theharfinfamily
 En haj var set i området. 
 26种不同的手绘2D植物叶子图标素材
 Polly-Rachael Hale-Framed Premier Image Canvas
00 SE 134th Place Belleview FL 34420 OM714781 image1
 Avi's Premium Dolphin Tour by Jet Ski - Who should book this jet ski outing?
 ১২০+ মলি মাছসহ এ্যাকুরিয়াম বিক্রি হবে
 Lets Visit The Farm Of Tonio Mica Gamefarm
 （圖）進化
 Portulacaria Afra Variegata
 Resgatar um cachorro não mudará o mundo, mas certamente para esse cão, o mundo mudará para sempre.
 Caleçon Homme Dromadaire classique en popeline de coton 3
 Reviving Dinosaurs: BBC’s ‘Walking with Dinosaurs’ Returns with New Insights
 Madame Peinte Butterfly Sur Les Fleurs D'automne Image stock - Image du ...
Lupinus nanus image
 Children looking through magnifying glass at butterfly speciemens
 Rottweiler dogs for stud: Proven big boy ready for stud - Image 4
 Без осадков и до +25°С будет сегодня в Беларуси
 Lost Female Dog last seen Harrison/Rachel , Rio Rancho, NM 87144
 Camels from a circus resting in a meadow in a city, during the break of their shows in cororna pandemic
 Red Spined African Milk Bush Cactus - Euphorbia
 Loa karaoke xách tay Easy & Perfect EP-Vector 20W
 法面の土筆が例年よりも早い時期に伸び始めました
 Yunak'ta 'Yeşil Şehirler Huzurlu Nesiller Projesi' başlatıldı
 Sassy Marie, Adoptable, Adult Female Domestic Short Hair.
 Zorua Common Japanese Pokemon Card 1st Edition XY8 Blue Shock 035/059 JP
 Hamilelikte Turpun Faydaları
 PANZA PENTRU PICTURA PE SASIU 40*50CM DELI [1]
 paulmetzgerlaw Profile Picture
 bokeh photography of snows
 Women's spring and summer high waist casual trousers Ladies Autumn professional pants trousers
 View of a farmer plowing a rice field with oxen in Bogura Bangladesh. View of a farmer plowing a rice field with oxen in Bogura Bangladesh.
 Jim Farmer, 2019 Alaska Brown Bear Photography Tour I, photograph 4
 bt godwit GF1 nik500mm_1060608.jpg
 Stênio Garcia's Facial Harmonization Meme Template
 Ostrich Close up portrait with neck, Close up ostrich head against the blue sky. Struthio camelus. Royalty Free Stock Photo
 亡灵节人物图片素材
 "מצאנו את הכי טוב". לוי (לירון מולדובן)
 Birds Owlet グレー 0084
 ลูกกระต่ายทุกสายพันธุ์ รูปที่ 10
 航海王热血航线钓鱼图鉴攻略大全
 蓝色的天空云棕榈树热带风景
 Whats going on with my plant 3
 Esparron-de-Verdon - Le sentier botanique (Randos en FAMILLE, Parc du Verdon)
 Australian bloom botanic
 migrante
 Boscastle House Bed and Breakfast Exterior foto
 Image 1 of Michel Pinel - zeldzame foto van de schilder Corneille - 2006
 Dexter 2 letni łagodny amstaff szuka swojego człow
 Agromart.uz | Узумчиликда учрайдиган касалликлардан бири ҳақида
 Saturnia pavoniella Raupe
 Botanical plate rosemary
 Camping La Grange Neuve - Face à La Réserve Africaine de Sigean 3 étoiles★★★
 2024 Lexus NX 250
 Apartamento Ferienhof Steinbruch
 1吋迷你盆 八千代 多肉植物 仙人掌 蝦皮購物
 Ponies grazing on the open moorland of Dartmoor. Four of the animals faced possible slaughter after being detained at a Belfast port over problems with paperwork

**PROBLEM TO WORK ON**
Report how many lines of the entries above contain "foto", and give no other output.

**OUTPUT FOR THIS TASK**
2